Ya el sol casi estaba sobre nuestras cabezas. En el retorno la carga se nos había hecho pesada. Loqueamos tanto el amanecer que ya a ninguno le quedaban ganas siquiera de reir. Empero cada cual trenía en el fondo de su alma la satisfacción provocada por la buena cosecha. ¿Qué importaba el cansancio si, después de todo, habíamos de sentarnos a almorzar y comeríamos de postre las moras con vino y azúcar? ¿Qué podía importar la fatiga si pronto despertaríamos la envidia de los demás niños del barrio de nuestra preciosa carga de frutas? Qué podía importar ello si en llegando a la ciudad habríamos de mezquinar las moras que, sin duda, nos solicitarían en venta las dueñas de casa y de ese modo gozaríamos al ver que se reconocía nuestro esfuerzo? Cansados, con los labios amoratados, marchando paso a paso, el retorno nos parecía eterno. Roberto Arias a cada rato se sentaba a descansar y a pesar de tener una sed devoradora, no quería apagarla comiendo algunas moras. La carga tenía que llegar intacta.

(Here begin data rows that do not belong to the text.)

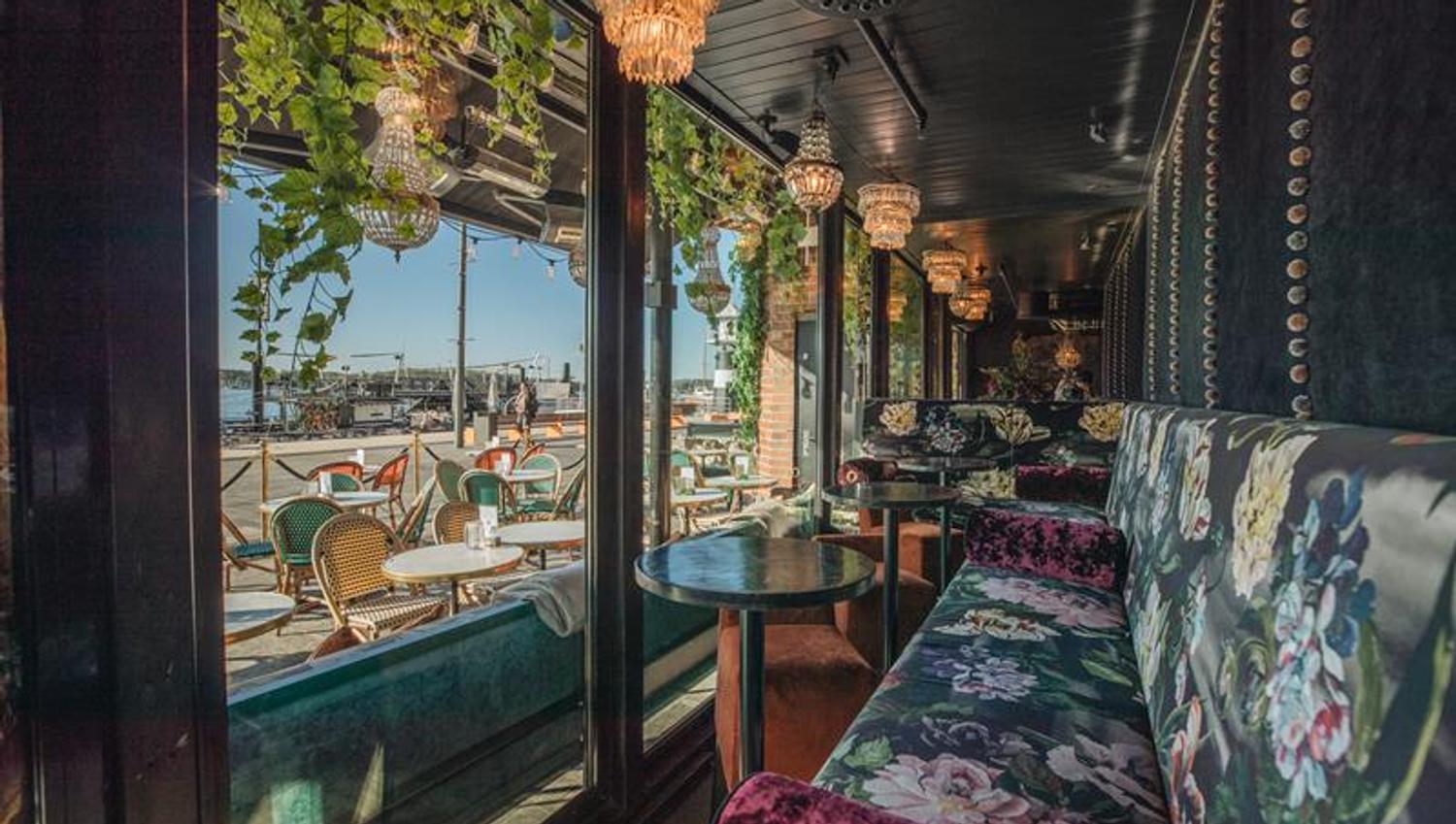 Indoor terrace with a view.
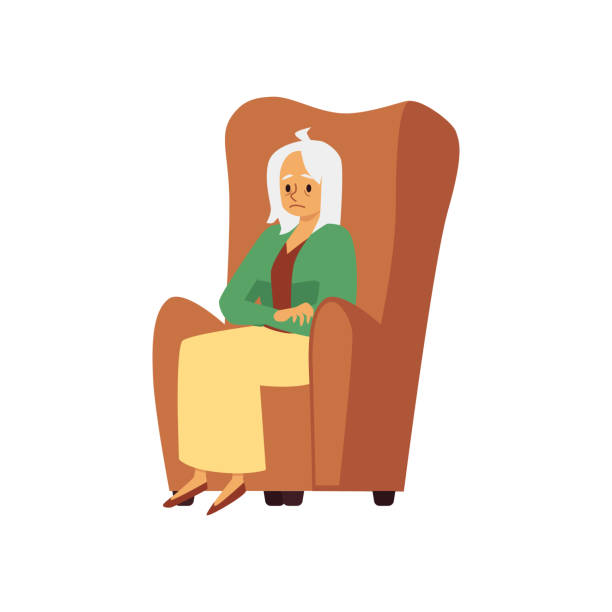 Tired sad aged woman sit in armchair a flat vector illustration. Tired sad aged woman sit in armchair. Elderly exhausted female person. Flat cartoon vector illustration isolated on white. sad old woman stock illustrations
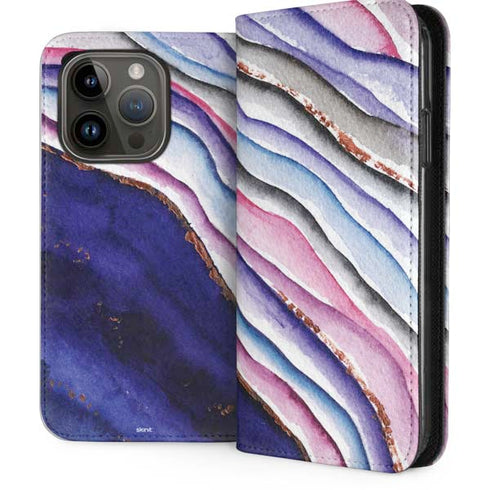 Violet Watercolor Geode iPhone 15 Pro Folio Case
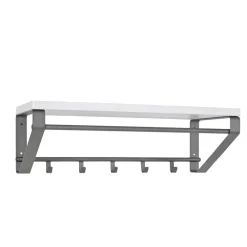 Wohnen Grau-Weiße Hängegarderobe Probian mit Hutablage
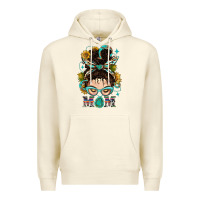 Sandshell Western Messy Bun Mom With Sunflower Premium Hoodie - BundleAndBundleShop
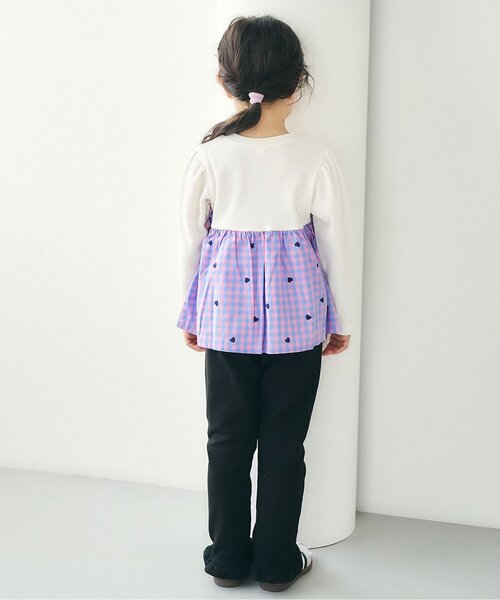 apres les cours（アプレレクール）の「ワッフルフリルドッキングトップス_ジュニア対応（Tシャツ/カットソー・キッズ・レッド/チェック/ストライプ/ブラック・80/90/100/110/120/130/140）」の6枚目の写真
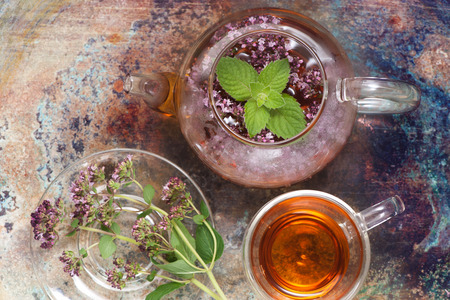 Herbal tea with mint and oregano, top viewの写真素材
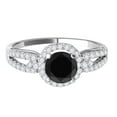 thumbnail image 2 of Mauli Jewels Engagement Rings for Women 1.25 Carat Halo Black Diamond Engagement Ring 4 Prong-Setting 14k White Gold, 2 of 6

Habíamos andado cuatro kilómetros a lo sumo, cuando en sentido contrario al nuestro vimos avanzar un automóvil. Su presencia inmediatamente despertó sospechas e instintivamente comenzamos a dispersarnos. Como un arayo cruzó por nuestras mentes un pensamiento: estábamos frente al administrador de Buena Vista, que se había hecho célebre por sus persecusiones a los muchachos que hurtaban las moras de las fincas. Se detuvo el auto y saltó de su interior un hombre, alto, corpudo, revolver en mano y con el rostro descongestionado por la ira. Nos lanzó un grito tremendo y apuntó con su revolver. Temblábamos de pavor. Nos imaginábamos que nos llevarían muertos a nuestras casas. No podíamos movernos, ni articular palabra. Nos ordenó dejáramos nuestros tarros en el suelo, mientras los retos nos amedrentaban más aún. Obedecimos inmediatamente. El hombre, furioso, vomitando malas palabras, cogió uno por uno los tarros y esparció las moras por la tierra.Insistió en sus amenazas y tras ordenarnos siguiéramos andando, subió al auto que se fue dejando una nube de polvo. Manuel Arias quería llorar. Todos estábamos alelados. Ernesto Amador se quedó mirando su canasto vacío por largo rato. El "Pato" no quiso conformarse con el despojo y para aplacar su ira y su sed de venganza, le pidió a Roberto la honda para apedrear al auto que era un punto negro en la distancia. Todo el fruto de un esuerzo de horas estaba en el suelo, inutilizado. Sucios, hambrientos, con el dolor y la pena mordiéndonos el alma, reemprendimos el regreso. Bajo el ardiente sol del mediodía, por el camino polvoriento, éramos una caravana de derrotados que iba hacia la muerte...
Hasta aquí el pintoresco artículo de Manuel J. Castilla que deja sentado dos cosas, que las primeras moras fueron plantadas en Buena Vista, en los campos militares y, segundo, que estaba prohibido sacar sus frutos del lugar. Claro que en realidad se trataba de la primera plantación de moras en Salta para el cultuvo del gusano y la producción (casi artesanal) de la seda. La Mora fue traída en la segunda decena del siglo XX para la producción regional de la seda, empresa que no obtuvo buenos resultados por lo que en la actualidad, este árbol tan mesquinado por sus propietarios de entonces, crece y se desarrolla en cualquier baldío y jardin de nuestra ciudad y las moras siguen siendo al deleite de niños, jóvenes y grandes.